The FAA issued the guidance after receiving inquiries from airport operators about their authority to implement a range of restrictions, changes in operations, terminal service consolidations and other responses as the COVID-19 pandemic brings air travel to a near halt.

“The FAA’s primary concern is that federally obligated airports remain safe and open to the traveling public and aircraft,” the agency wrote in the three-page document. “Particularly during this public health emergency, airports play an essential role in transporting medical and emergency equipment and personnel. The FAA continues to expect all airports to operate safely and stay open.”

According to the guidance, all federally obligated airports – those that have accepted federal funds to buy land or develop or improve the airport – are not allowed to close or restrict access to the property without FAA approval.

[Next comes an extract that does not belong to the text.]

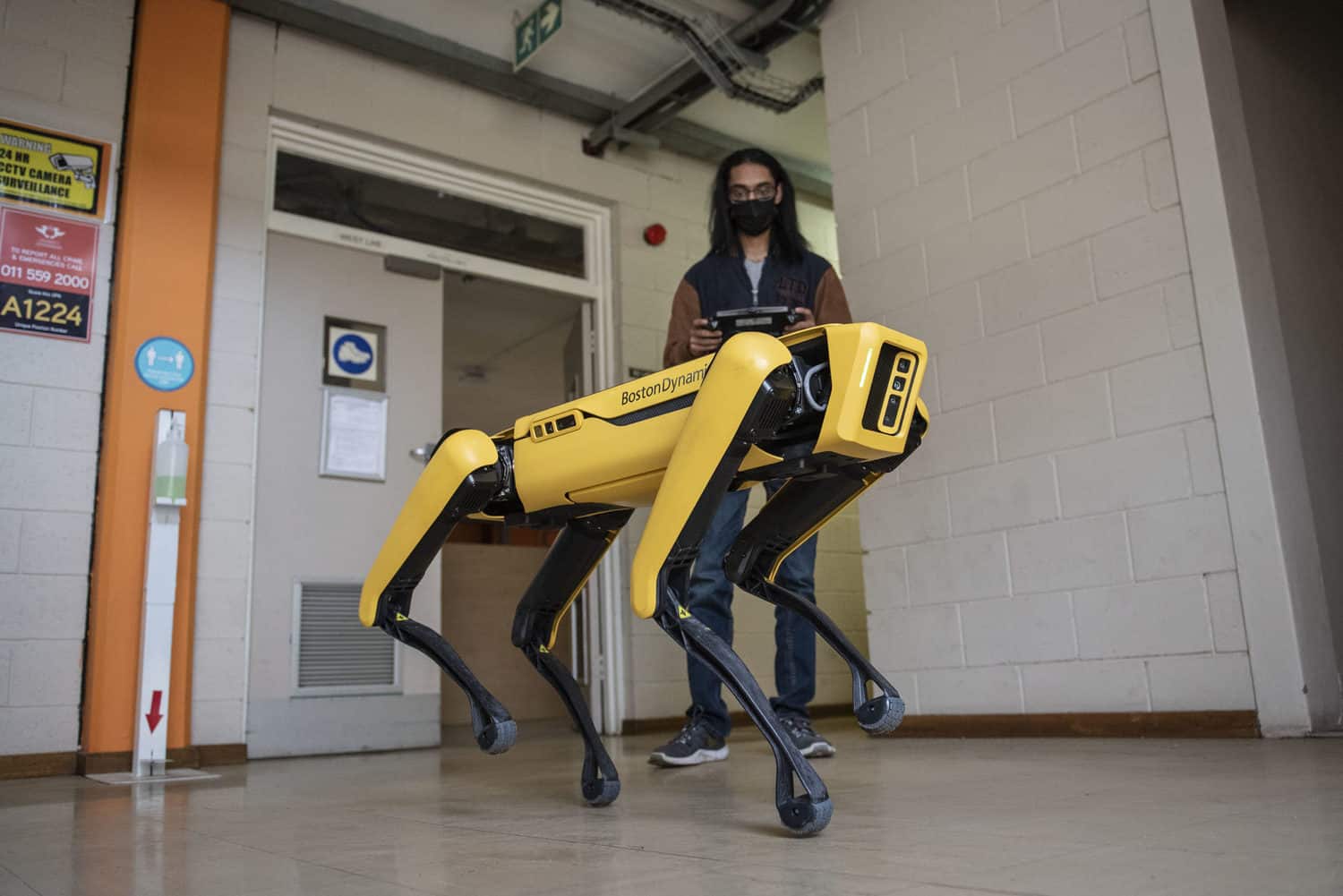 WATCH UJ gets a whiff of the future with SA's first robotic guide dog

“This includes all airport structures and operational areas,” according to the document. “If a proposed action suspends or closes an international Port of Entry, then the sponsor may also need approval from Customs and Border Protection.”

Airports do have some options according to the guidance, for consolidating activities or changing operating agreements within terminal walls, however, including:

  • Closing restaurants or other retail activities in the terminal – The closing of restaurants, retail stores or other non-aeronautical functions in a terminal is not likely to violate FAA grant assurances, particularly if driven by public health measures or reduced clientele, and especially if based upon restrictions applicable to all business entities within the jurisdiction
  • Closing gates or sections of terminals – In coordination with airport sponsors, airlines, the Transportation security Administration (TSA) and other entities, closing gates or sections of terminals is likely to be acceptable if the closure is executed in response to reduced passenger volumes and operations, is not discriminatory and does not provide unfair competitive advantage to one operator. For example, TSA has reduced lanes or consolidated passenger screening checkpoint operations in numerous airports in response to reduction of passenger volume
  • Deferral of rental payments or other fees – Airports have flexibility to defer the collection or rents and/or fees if the circumstances warrant. The terms and interest rates applied should be reasonable and applied fairly to similarly situated businesses. Deferral of rental payments and or fees, if adequately justified, is not likely to violate FAA’s grant assurances. A primary goal of the statutory sustainability principle is to keep the airport solvent to ensure the airport can remain open and operate safely.

The guidance does not, however, suggest altogether waiving such fees. “In general, there is no authority that would allow an airport to waive landing fees and terminal rents,” the FAA writes. “Any such request should be discussed with the FAA’s Office of Airports.”